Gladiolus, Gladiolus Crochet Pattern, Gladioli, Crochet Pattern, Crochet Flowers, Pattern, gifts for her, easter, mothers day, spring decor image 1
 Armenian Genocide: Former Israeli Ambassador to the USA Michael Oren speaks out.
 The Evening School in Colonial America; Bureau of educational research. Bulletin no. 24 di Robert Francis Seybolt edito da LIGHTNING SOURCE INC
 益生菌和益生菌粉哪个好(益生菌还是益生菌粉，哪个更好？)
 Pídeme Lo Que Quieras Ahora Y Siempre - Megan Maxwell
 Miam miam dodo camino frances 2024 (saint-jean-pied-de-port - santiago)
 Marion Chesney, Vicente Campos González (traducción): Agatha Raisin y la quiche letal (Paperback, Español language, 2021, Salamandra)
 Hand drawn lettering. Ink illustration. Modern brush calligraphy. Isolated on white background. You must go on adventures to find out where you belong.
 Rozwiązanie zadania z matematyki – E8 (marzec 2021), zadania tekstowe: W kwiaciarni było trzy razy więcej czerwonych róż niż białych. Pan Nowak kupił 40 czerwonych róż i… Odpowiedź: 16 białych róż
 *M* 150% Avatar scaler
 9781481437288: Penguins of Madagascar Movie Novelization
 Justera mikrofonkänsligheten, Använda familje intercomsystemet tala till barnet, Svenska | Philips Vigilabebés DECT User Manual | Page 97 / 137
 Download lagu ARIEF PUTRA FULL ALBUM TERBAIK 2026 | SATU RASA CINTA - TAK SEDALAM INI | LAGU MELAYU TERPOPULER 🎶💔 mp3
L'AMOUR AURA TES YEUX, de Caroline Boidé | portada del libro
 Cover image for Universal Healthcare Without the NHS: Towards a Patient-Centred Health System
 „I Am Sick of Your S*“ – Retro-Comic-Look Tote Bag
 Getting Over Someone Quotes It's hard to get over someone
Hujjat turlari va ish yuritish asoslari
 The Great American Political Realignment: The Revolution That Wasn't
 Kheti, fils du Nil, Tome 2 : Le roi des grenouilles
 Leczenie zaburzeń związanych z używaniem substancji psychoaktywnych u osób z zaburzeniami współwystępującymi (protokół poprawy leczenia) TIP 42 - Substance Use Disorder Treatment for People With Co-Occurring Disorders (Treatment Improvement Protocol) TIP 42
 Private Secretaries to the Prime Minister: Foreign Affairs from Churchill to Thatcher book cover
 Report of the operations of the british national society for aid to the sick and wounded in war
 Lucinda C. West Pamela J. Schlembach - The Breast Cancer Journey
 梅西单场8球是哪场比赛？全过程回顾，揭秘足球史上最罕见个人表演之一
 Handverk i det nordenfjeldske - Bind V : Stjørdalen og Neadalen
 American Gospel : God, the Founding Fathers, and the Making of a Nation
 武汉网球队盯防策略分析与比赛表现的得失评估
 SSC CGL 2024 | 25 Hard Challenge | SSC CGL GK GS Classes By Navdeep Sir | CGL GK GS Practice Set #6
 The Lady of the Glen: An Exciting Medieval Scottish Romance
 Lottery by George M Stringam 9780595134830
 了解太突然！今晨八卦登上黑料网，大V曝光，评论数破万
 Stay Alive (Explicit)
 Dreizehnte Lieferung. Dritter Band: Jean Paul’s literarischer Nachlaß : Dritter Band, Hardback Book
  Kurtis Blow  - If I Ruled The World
§ §
• Exercise directions:
The stretch of entries above that starts with the line containing "益生菌和益生菌粉哪个好(益生菌还是益生菌粉，哪个更好？)" and goes on through the line containing "Leczenie zaburzeń związanych" is to be transcribed exactly, and no other line is to be transcribed.

• Output of the task:
 益生菌和益生菌粉哪个好(益生菌还是益生菌粉，哪个更好？)
 Pídeme Lo Que Quieras Ahora Y Siempre - Megan Maxwell
 Miam miam dodo camino frances 2024 (saint-jean-pied-de-port - santiago)
 Marion Chesney, Vicente Campos González (traducción): Agatha Raisin y la quiche letal (Paperback, Español language, 2021, Salamandra)
 Hand drawn lettering. Ink illustration. Modern brush calligraphy. Isolated on white background. You must go on adventures to find out where you belong.
 Rozwiązanie zadania z matematyki – E8 (marzec 2021), zadania tekstowe: W kwiaciarni było trzy razy więcej czerwonych róż niż białych. Pan Nowak kupił 40 czerwonych róż i… Odpowiedź: 16 białych róż
 *M* 150% Avatar scaler
 9781481437288: Penguins of Madagascar Movie Novelization
 Justera mikrofonkänsligheten, Använda familje intercomsystemet tala till barnet, Svenska | Philips Vigilabebés DECT User Manual | Page 97 / 137
 Download lagu ARIEF PUTRA FULL ALBUM TERBAIK 2026 | SATU RASA CINTA - TAK SEDALAM INI | LAGU MELAYU TERPOPULER 🎶💔 mp3
L'AMOUR AURA TES YEUX, de Caroline Boidé | portada del libro
 Cover image for Universal Healthcare Without the NHS: Towards a Patient-Centred Health System
 „I Am Sick of Your S*“ – Retro-Comic-Look Tote Bag
 Getting Over Someone Quotes It's hard to get over someone
Hujjat turlari va ish yuritish asoslari
 The Great American Political Realignment: The Revolution That Wasn't
 Kheti, fils du Nil, Tome 2 : Le roi des grenouilles
 Leczenie zaburzeń związanych z używaniem substancji psychoaktywnych u osób z zaburzeniami współwystępującymi (protokół poprawy leczenia) TIP 42 - Substance Use Disorder Treatment for People With Co-Occurring Disorders (Treatment Improvement Protocol) TIP 42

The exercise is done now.